Social News Feed
Designing a Twitter/Facebook-style personalized feed.
Learning Objectives
By the end of this case study, you will understand:
- Design feed generation strategies: fanout-on-write vs fanout-on-read
- Implement timeline algorithms and content ranking systems
- Build scalable social graph storage and traversal systems
- Handle celebrity/influencer scaling challenges with hybrid approaches
- Design real-time content delivery with eventual consistency trade-offs
Real-World Examples
Facebook: Serves 2+ billion users with personalized feeds, 4+ petabytes of new data daily
Twitter: Processes 6,000+ tweets per second, delivers personalized timelines to 450+ million users
Instagram: Handles 95+ million photos/videos daily with ML-powered algorithmic feeds
LinkedIn: Powers professional feeds for 900+ million users with engagement-based ranking
Write path + fanout + ranking + caching
Requirements
- Personalized, ranked timeline per user
- Low-latency reads; freshness with eventual consistency
- Infinite scroll; pagination and caching
High-Level Design
- Write path: store posts, edges (follows), engagement signals
- Fanout-on-write for small users; fanout-on-read for large/fat edges
- Ranking service using offline features + online signals
- Cache hot timelines; background refresh
Capacity & Sizing
- Follower distribution heavy-tail: isolate mega accounts
- Posts/sec during peak; timeline storage per user per day
- Cache budget per user; eviction policy impacts hit ratio
Key Components
- Write Service, Edge store, Timeline store
- Ranking service (features + online scoring)

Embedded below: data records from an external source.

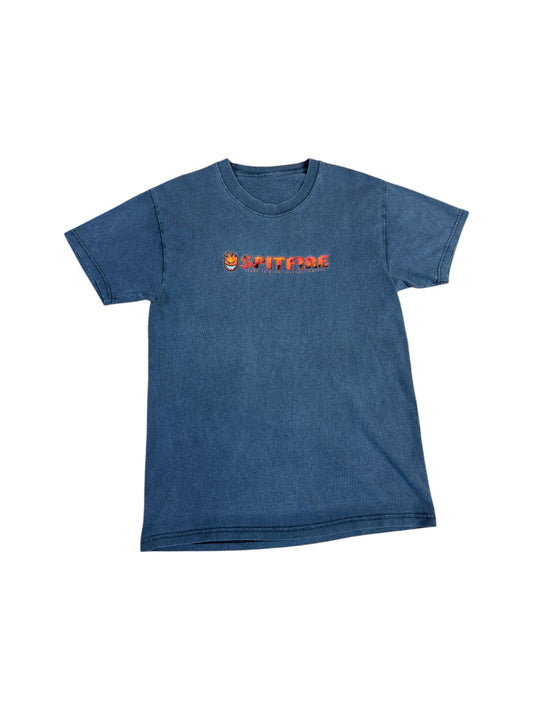 Vintage Spitfire Wheels Shirt 90s "Learn to burn" Faded Grau S-M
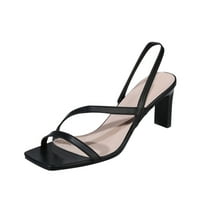 B91XZ cipele za žene sandale modne proljeće i ljetne žene sandale pete s srednjim kaiševima za petu Jednostavni povremeni stil crni, veličine 8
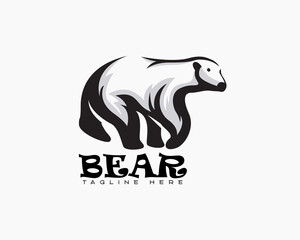 walking bear art logo design template illustration inspiration
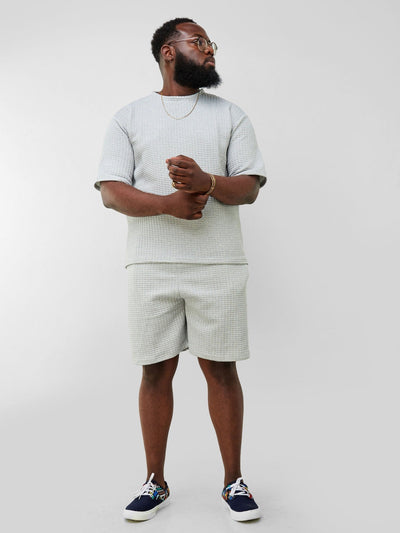 Zetu Men's Square Textured Shorts - Grey - Shopzetu
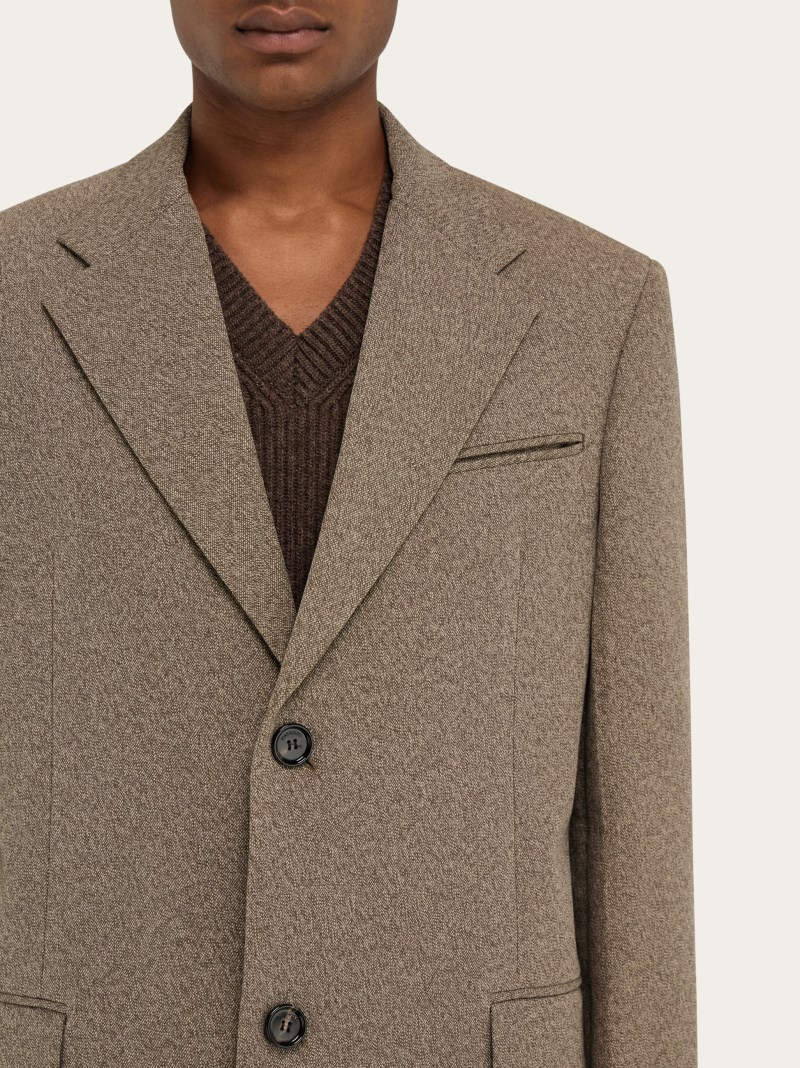 Ferragamo | Men's Single Breasted Coat - Walnut/Cocoa Brown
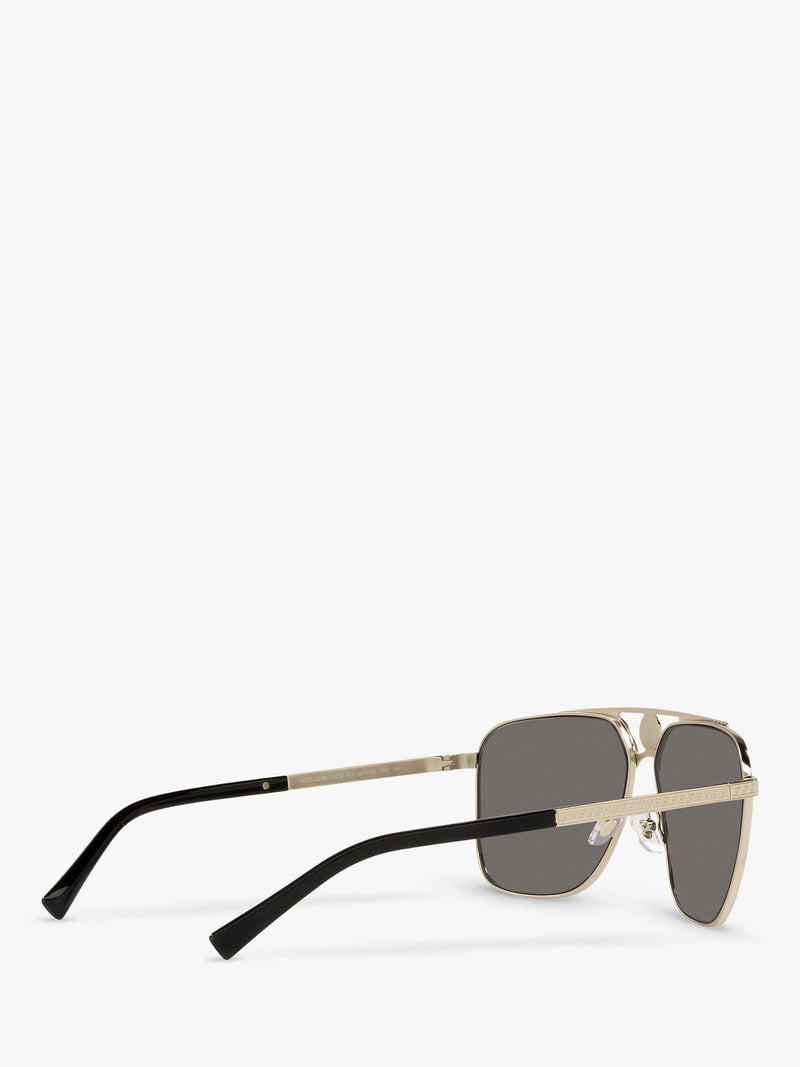 Versace rectangular sunglasses pale gold mirror grey - British product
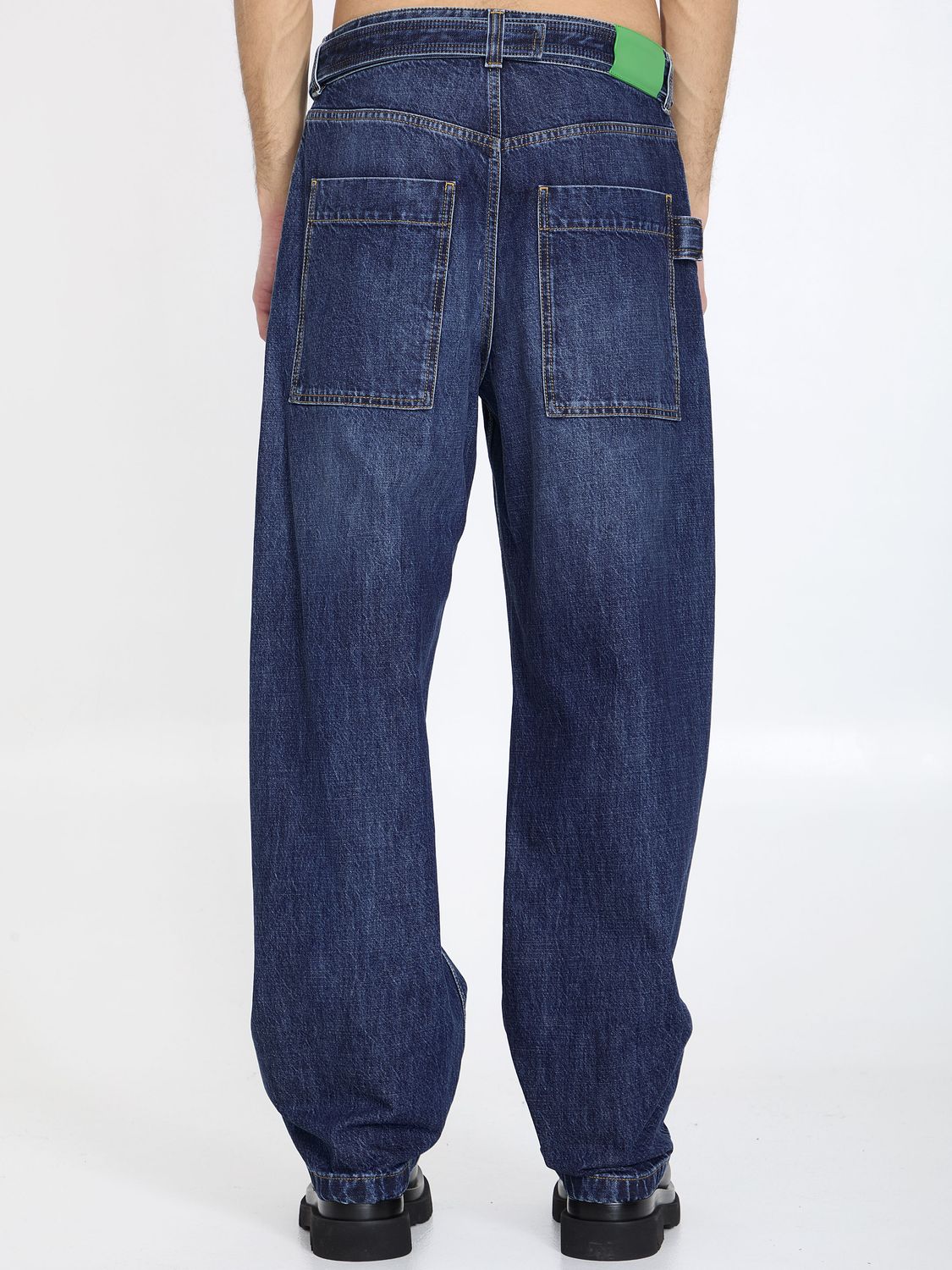 BOTTEGA VENETA Men's Wide-Leg Denim Jeans with Belt in Light Blue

- Cache (edge and app), Priority queues for recompute
Non-functional Requirements
- P95 timeline fetch < 200ms
- Freshness: new posts reflected within seconds
- High availability for read path
Data Model
Posts, edges, timelines, and engagement
- posts (
post_idPK,author_id,ts,body) - edges (
follower_id,followee_id) - timeline (
user_id,post_id,score,ts) - engagement (
post_id,user_id,like,comment,share,ts)
APIs
- Publish:
POST /api/postswith body{ body } - Timeline:
GET /api/timeline?user=:id&cursor=... - Engagement:
POST /api/posts/:id/like,POST /api/posts/:id/comment
Hot Path
- Read timeline: candidate fetch → rank → serve from cache
- Publish: write → fanout (hybrid) → cache invalidate
Read Flow
- Fetch candidate posts (precomputed or on-demand)
- Rank with recency + engagement features
- Serve from cache; hydrate missing details lazily
Ranking Strategy
- Offline: feature generation (author quality, interaction graph)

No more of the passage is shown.